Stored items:

--------------------------------------------------

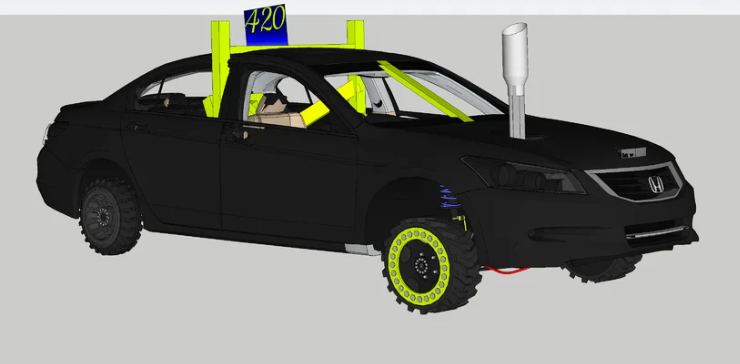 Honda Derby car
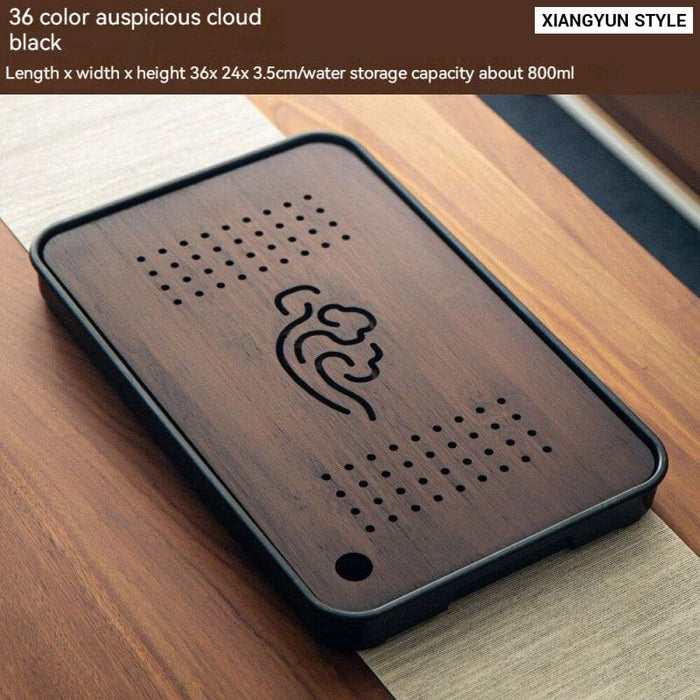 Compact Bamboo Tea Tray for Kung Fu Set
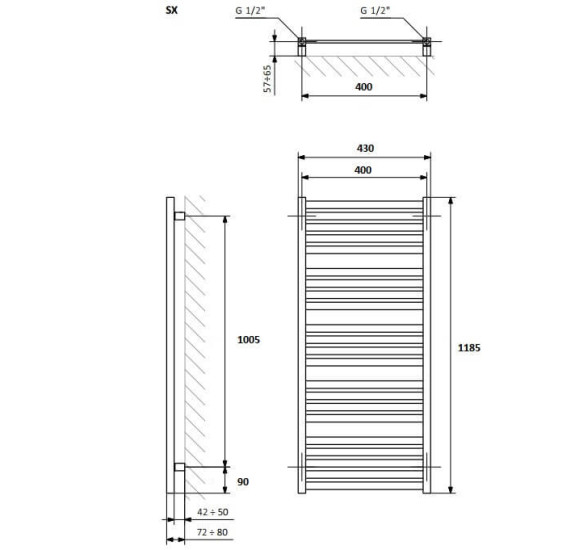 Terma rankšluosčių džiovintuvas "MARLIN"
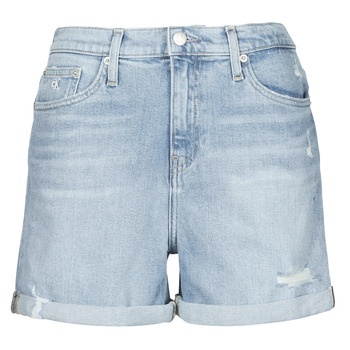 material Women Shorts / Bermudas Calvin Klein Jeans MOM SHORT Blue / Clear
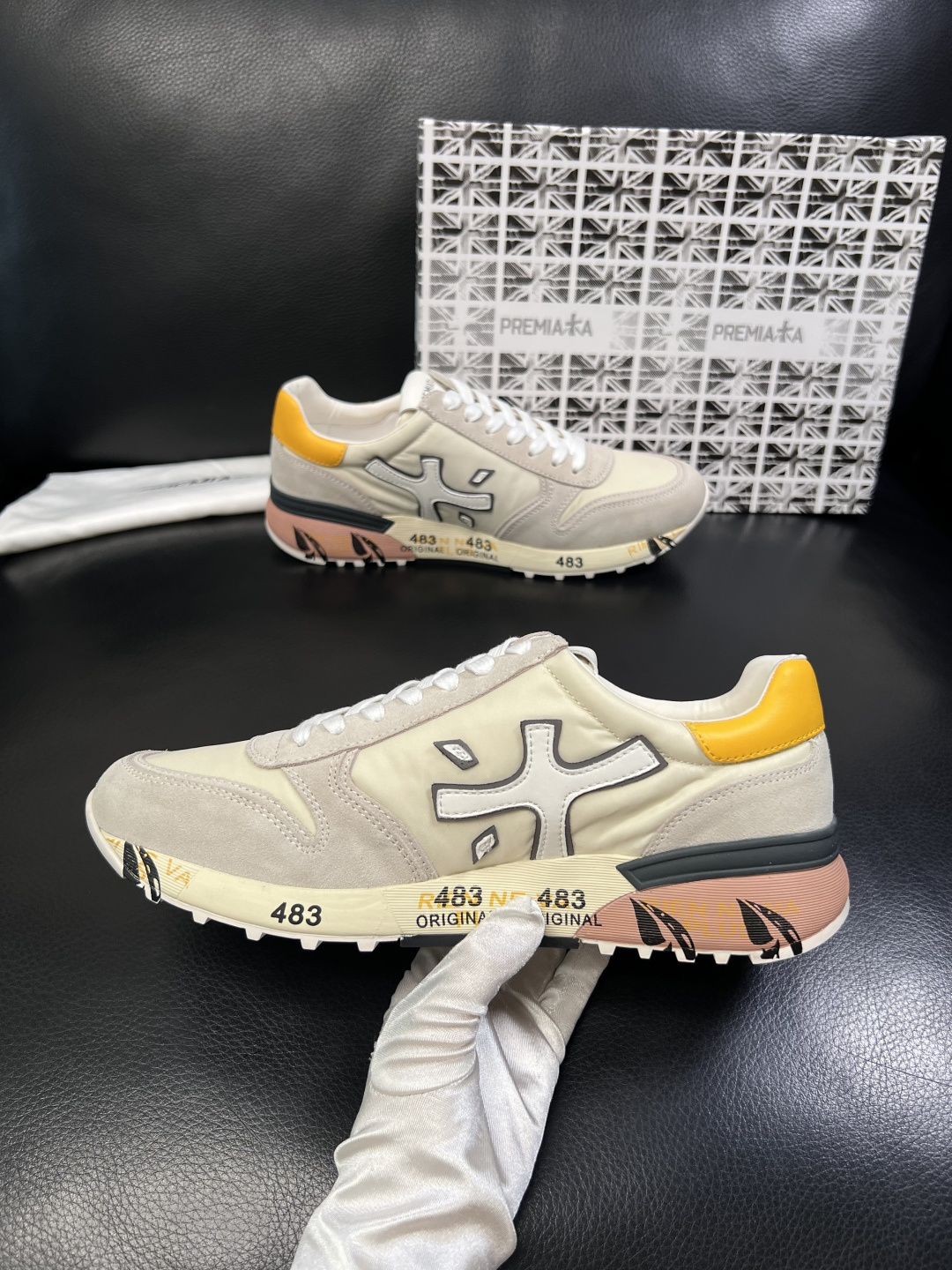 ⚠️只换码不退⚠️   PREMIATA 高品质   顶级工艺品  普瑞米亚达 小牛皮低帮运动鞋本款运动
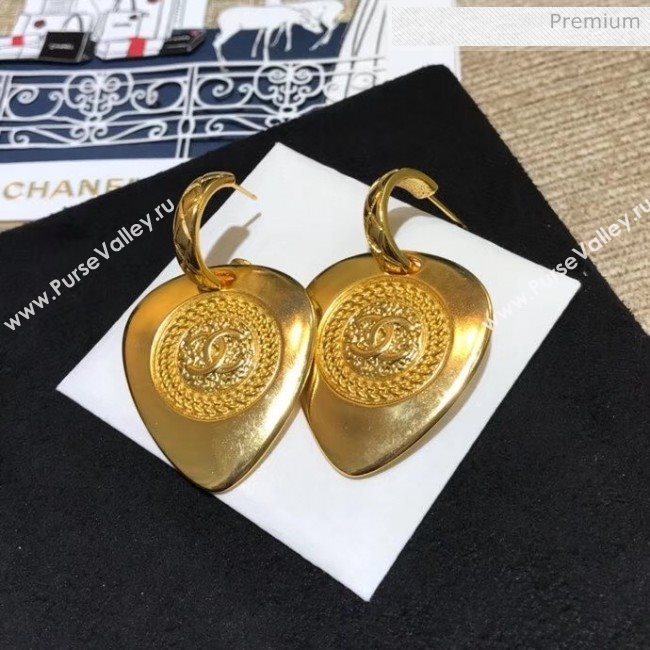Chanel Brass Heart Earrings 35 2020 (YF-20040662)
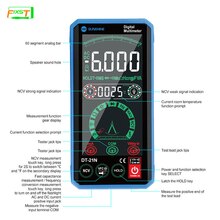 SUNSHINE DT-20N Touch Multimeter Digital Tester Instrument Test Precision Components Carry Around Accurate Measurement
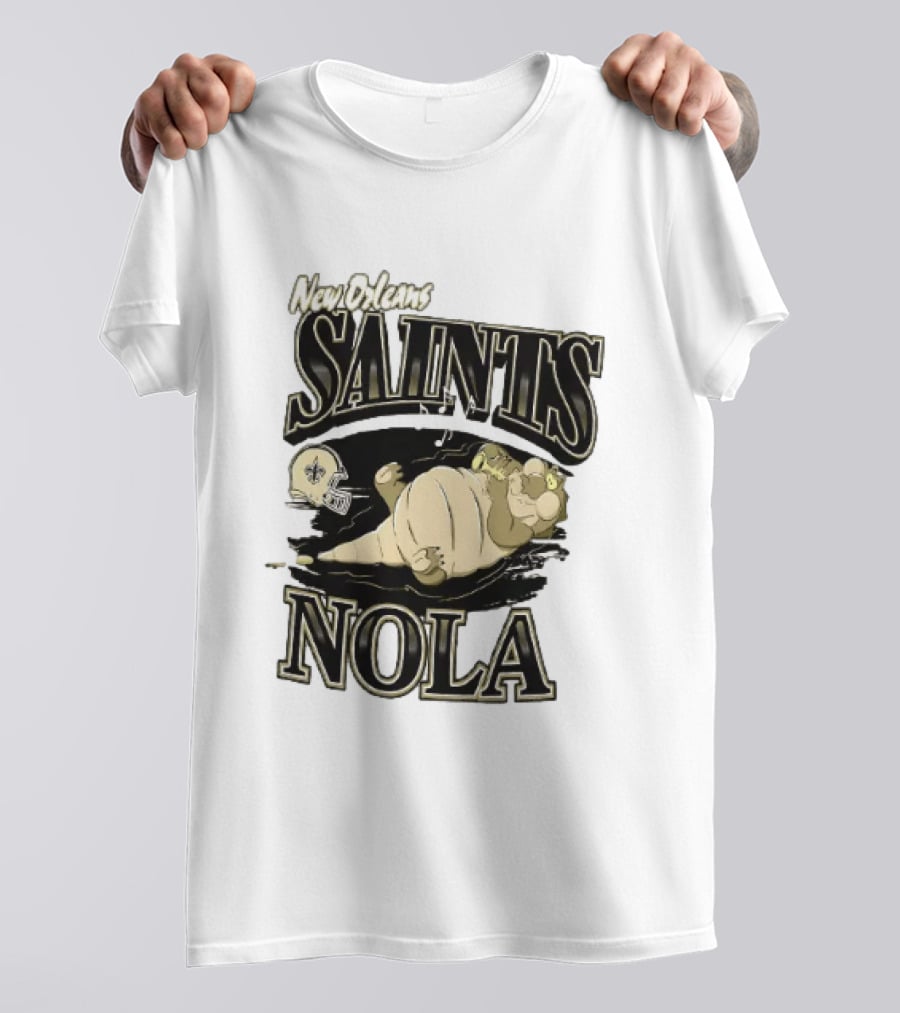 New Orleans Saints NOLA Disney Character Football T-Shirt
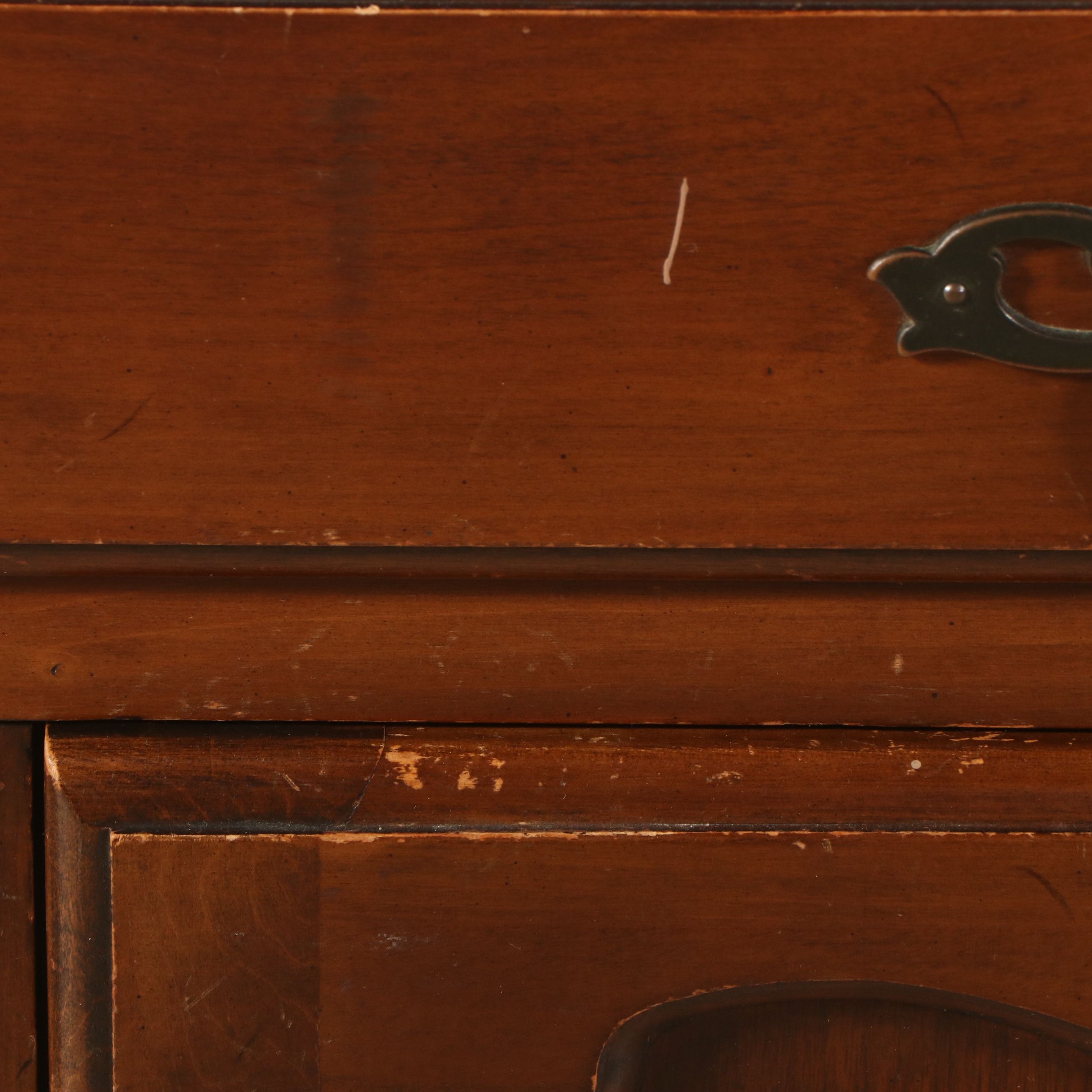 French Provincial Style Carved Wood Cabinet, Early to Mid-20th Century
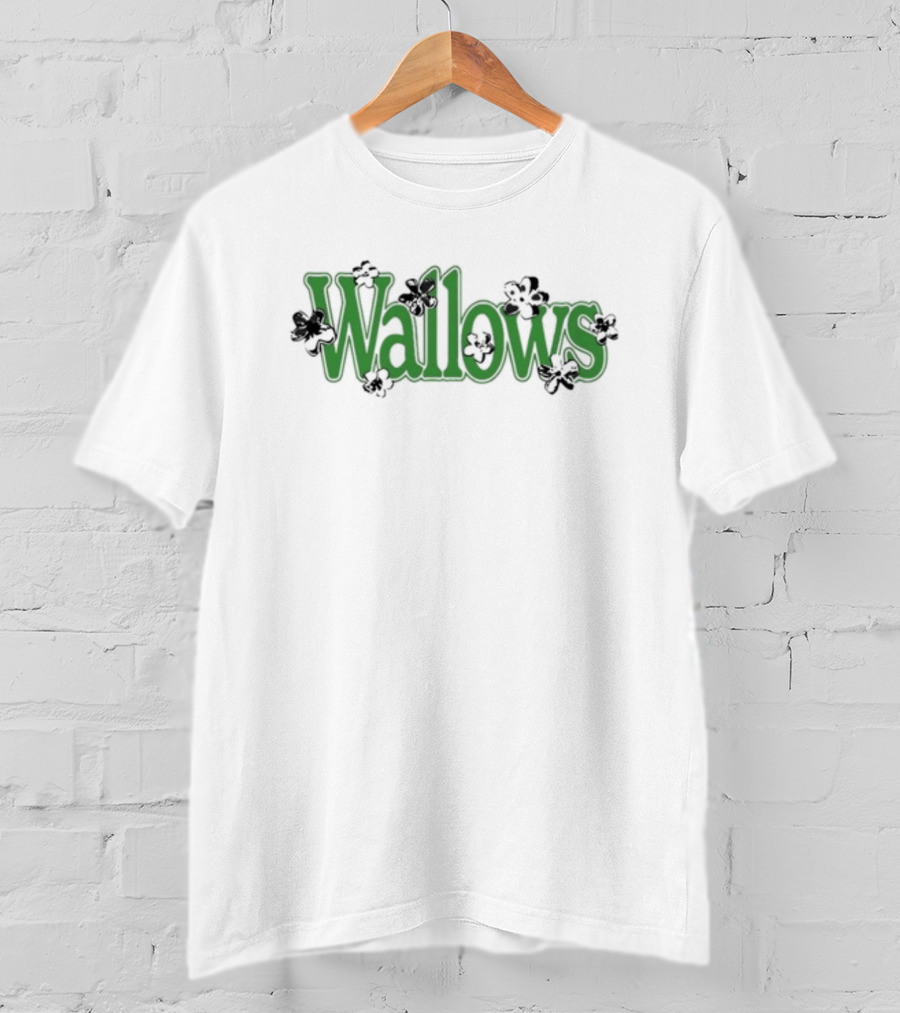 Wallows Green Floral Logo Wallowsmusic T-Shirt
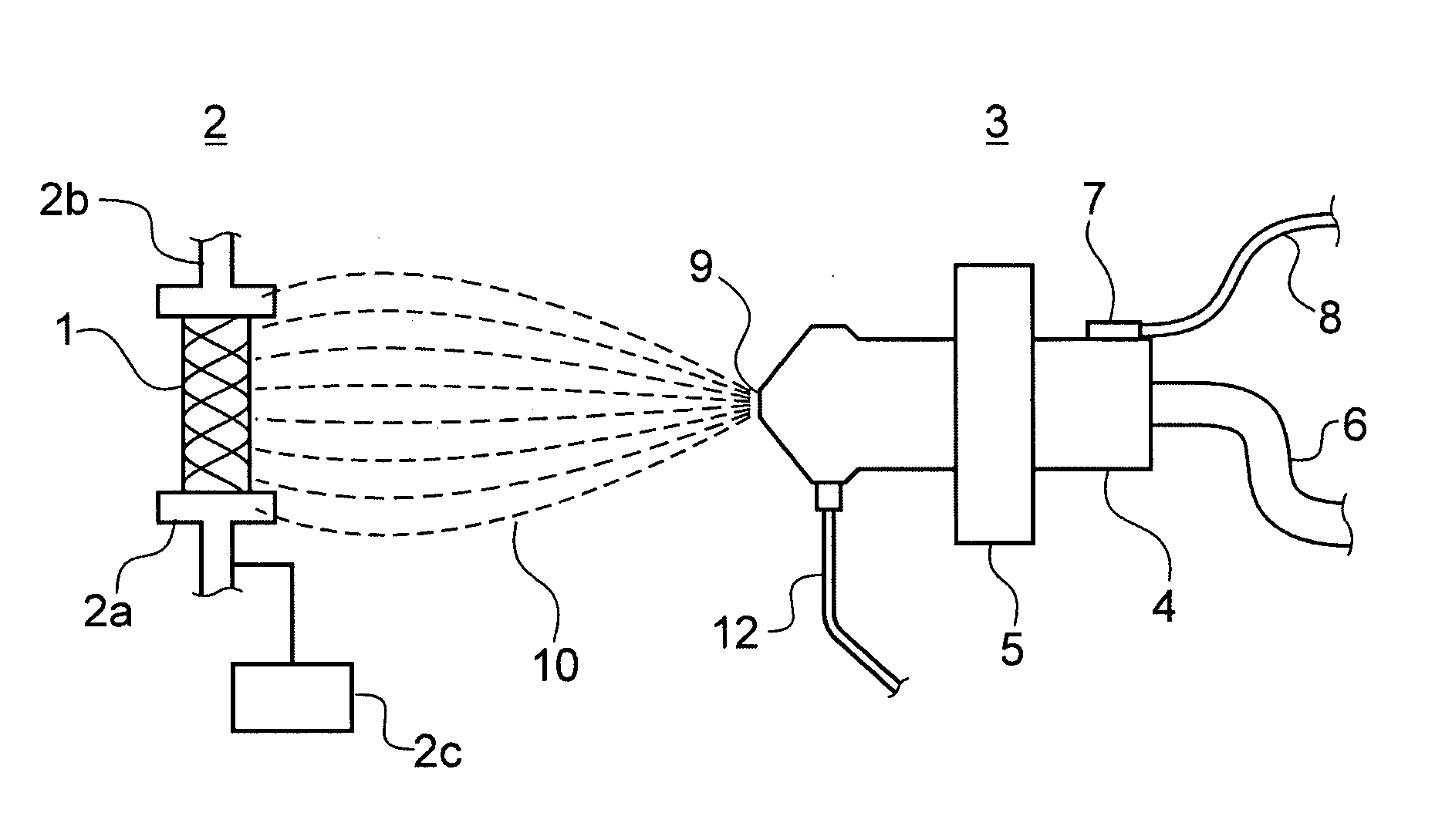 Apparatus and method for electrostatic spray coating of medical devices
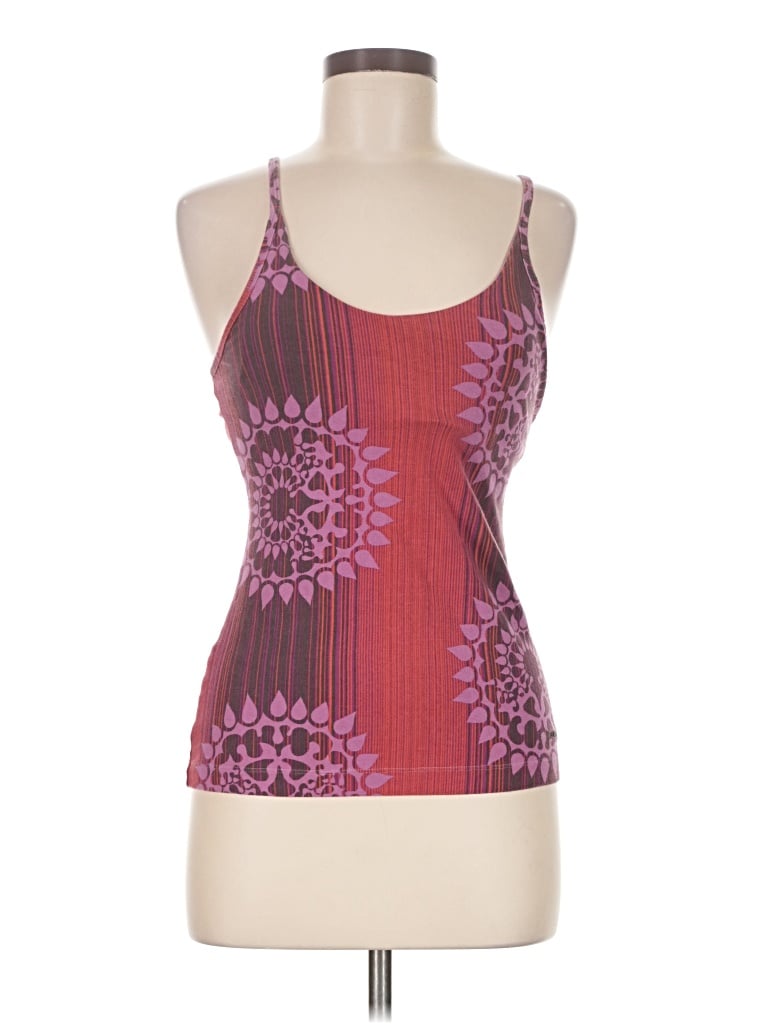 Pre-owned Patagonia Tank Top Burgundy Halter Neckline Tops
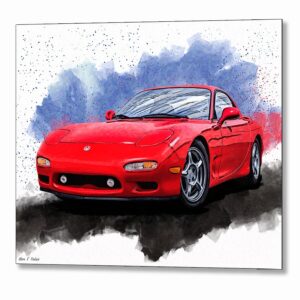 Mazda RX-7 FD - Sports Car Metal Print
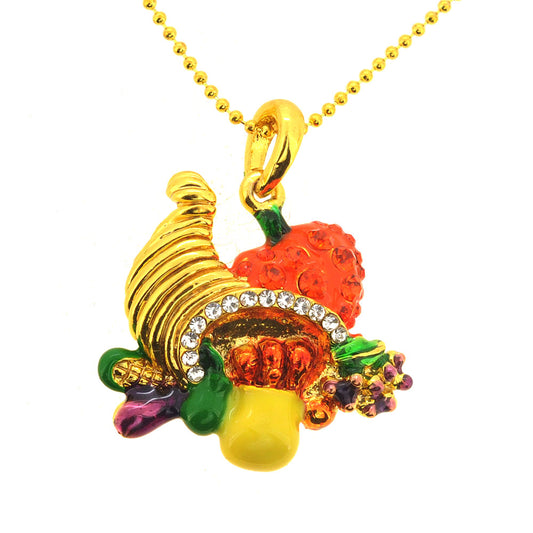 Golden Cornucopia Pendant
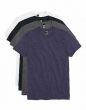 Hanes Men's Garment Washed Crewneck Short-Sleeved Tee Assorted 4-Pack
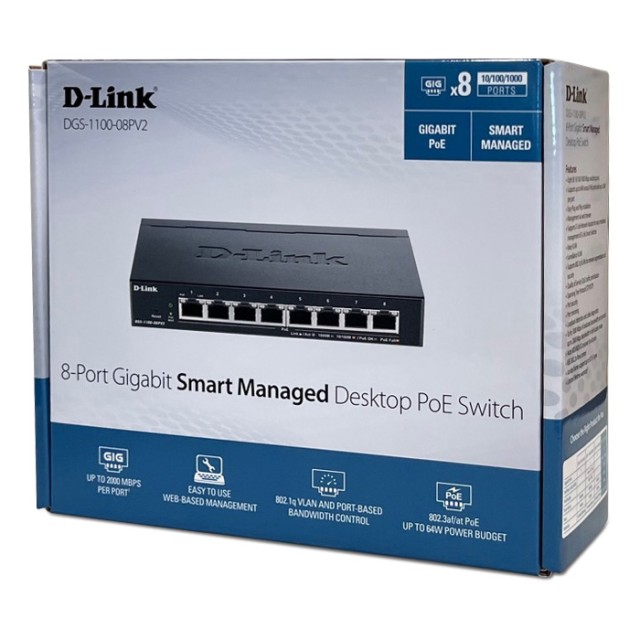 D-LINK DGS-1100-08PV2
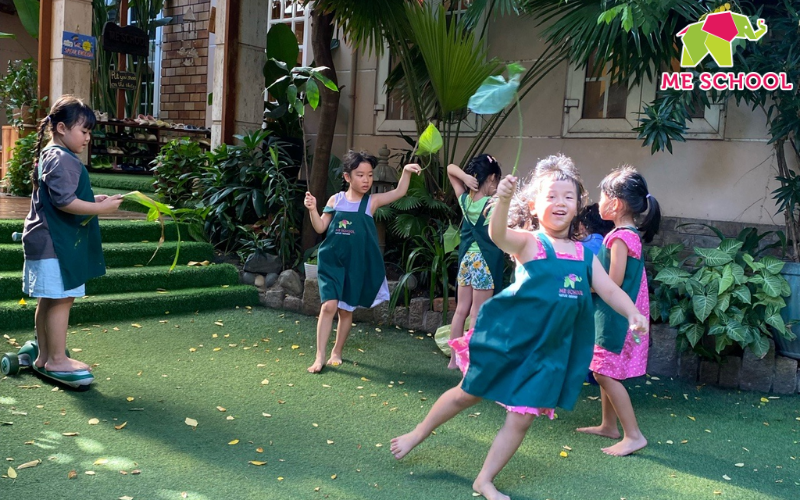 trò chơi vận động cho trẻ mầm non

--------------------------------------------------

▶ WHAT IS REQUIRED
Return each record above as it stands. Pictures stay out.

▶ TASK RESPONSE
 Honda Derby car
 Compact Bamboo Tea Tray for Kung Fu Set
 Terma rankšluosčių džiovintuvas "MARLIN"
 material Women Shorts / Bermudas Calvin Klein Jeans MOM SHORT Blue / Clear
 ⚠️只换码不退⚠️   PREMIATA 高品质   顶级工艺品  普瑞米亚达 小牛皮低帮运动鞋本款运动
Chanel Brass Heart Earrings 35 2020 (YF-20040662)
 SUNSHINE DT-20N Touch Multimeter Digital Tester Instrument Test Precision Components Carry Around Accurate Measurement
 New Orleans Saints NOLA Disney Character Football T-Shirt
 French Provincial Style Carved Wood Cabinet, Early to Mid-20th Century
 Wallows Green Floral Logo Wallowsmusic T-Shirt
 Apparatus and method for electrostatic spray coating of medical devices
 Pre-owned Patagonia Tank Top Burgundy Halter Neckline Tops
 Mazda RX-7 FD - Sports Car Metal Print
 Golden Cornucopia Pendant
 Hanes Men's Garment Washed Crewneck Short-Sleeved Tee Assorted 4-Pack
 D-LINK DGS-1100-08PV2
 trò chơi vận động cho trẻ mầm non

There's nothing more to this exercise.